Lectures with Christoph Miller –Offshore, Veronica Fuerte –Hey, Vince Frost –Frost Collective, Sam Bompas –Bompas & Parr, James Stringer –Werkflow
In this week’s lecture our panel covered two questions –
What is your development and reflection process? and How has production, risk, failure and your own personal ambition affected the outcome?
OffShore work together at different paces that complement one another. They also try to test an idea at early stages so they can be discarded if they don’t work and they can move on to something that will. They also suggest taking a step back from a project, and coming back to it later. This is something I wish I had time for, as I quite often need to just get something finished and into production.
I also really identified with them when they spoke about being control freaks about their projects – one thing about working from home that is very difficult for me is that I have lost that control of my work projects. My previous workflow allowed me to run proofs, turn the files over to pre-press with any notes I might have about production, have a word with the printer, check it on press, have a chat with the finishing department, physically check against something in the archive for colour matching or double check the die measurements personally, and finally see the final version before it was sent to a client. I could follow a job all the way through, and check nothing had been missed. Now that process stops at packing files up and putting them in a networked folder!
Production is a very important factor in design, and I think it is often neglected. I was taught only the rudiments of file packaging on my undergrad degree, and I am quite often asked by the pre-press department to fix files sent to them by other designers. I really enjoyed Miller’s story about the posters they had printed with neon pink ink which faded very quickly, it is always important to have an in-depth chat with anyone who is producing work for you, to get across exactly what you need! I also appreciated that they do not finish all of the their self initiated projects. Sometimes client led work needs to take precedence, sometimes an idea just doesn’t land right or they lose interest. This is normal, and you will pursue the ideas you are most excited about.
Veronica Fuerte tries to strip everything back to the simplest shapes she can, which is actually very complex and time intensive. She finds that once she has cracked it, she can then explore it in different contexts. She also started her shop online, which was low risk. Moving to a physical shop has been much more difficult, with a lot more risk involved, but every step has been organic and grown out of demand.
Vince Frost sees himself as the client for self initiated projects, so he does it because he wants to. He reflects a lot on the project, printing the designs out, put them on the wall and live with them. which means there will be a lot of reflection on the project. A favourite method is to print things out and display them, look over things again and again making tweaks wherever they’re needed until it’s just right. The biggest risks to a self initiated project are funding and self doubt! Frost also finds it difficult to write a brief for self initiated projects, and they also run the risk of never being finished. These are real concerns of mine, and I have found it difficult to engage with brief writing for this project. Formalising a brief is so alien to my workflow, so it has been a struggle.

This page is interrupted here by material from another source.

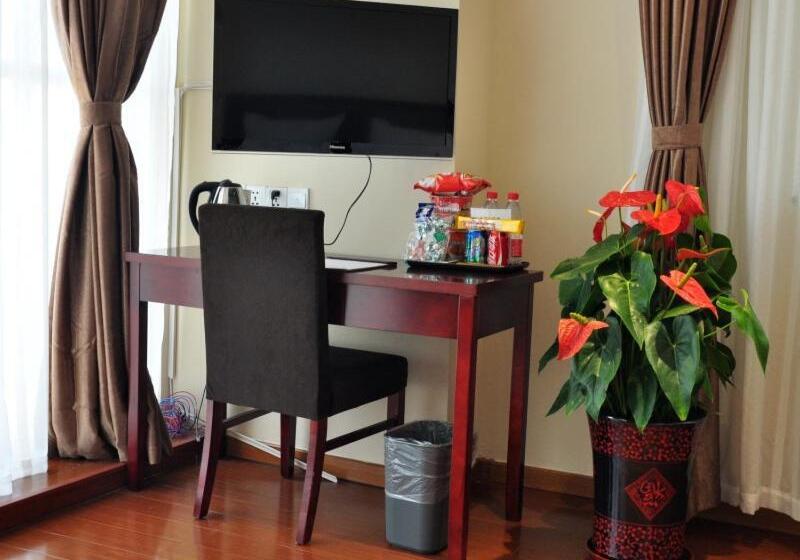 בית מלון כפרי Greentree Inn Shandong Zaozhuang Tengzhou Jiefang Road Business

Sam Bompas doesn’t reflect as there usually isn’t the time. He seems like a design shark, always swimming, never stopping! He spends a lot of time consuming information and trying to make connections. This is again an interesting point of view, as my experience is so different. He is all ideas, no production, and I feel like sometimes I am all production, no ideas. Ideally I will reach a middle ground there, and be a more holistic designer. Bompas also seems to rush into projects just from his enthusiasm for the idea, which has led to some mistakes or risky propositions. He’s been lucky they they’ve paid off and not ended in disaster, and I thought it was interesting that his partner has invested so much into health and safety training as I did not get the feeling that Bompas takes that into consideration greatly himself!

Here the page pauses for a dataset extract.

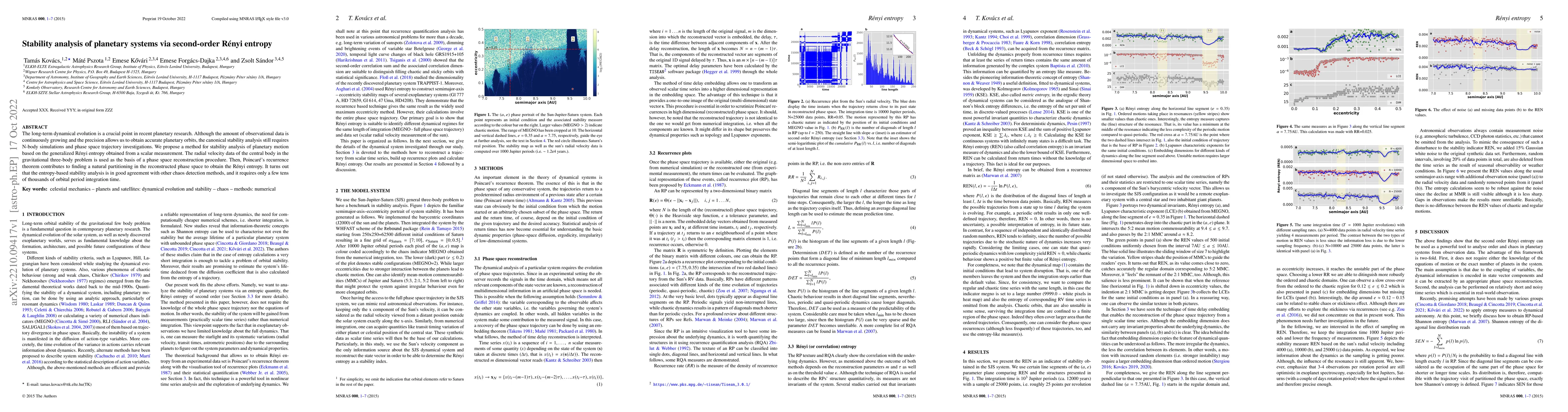 Thumbnail for Stability analysis of planetary systems via second-order R\'enyi entropy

Werkflow use an iterative process, and often have to deal with incredibly fast turn arounds for their commercial work. This has led to them developing techniques and aesthetics that cut down on production time and can follow into their self initiated projects. They are also moving in waves, following funding grants which allow them to expand the project or bring outside workshops in. This is a really long term project, and needs a lot of reflection and trail and error. This is useful to me, as I’m trying something brand new and running into constant problems. I’ve had to take a step back or start over so many times this week!
This week we expect you to make and produce your self initiated project idea.
Imagine and make one design response to your self initiated project brief, as outlined on your mood boards.
Demonstrate your development.
Upload initial ideas and sketches to the Ideas Wall and reflect on them in your blog.
Make prototypes and experiment with design and production techniques to ensure you engage with your target audience.
Do not forget to record all tests, even if they fail, and add them to the Ideas Wall.
Design and deliver your final outcome, in line with your original aim and objectives.
This has been incredibly difficult! But I think we got there in the end.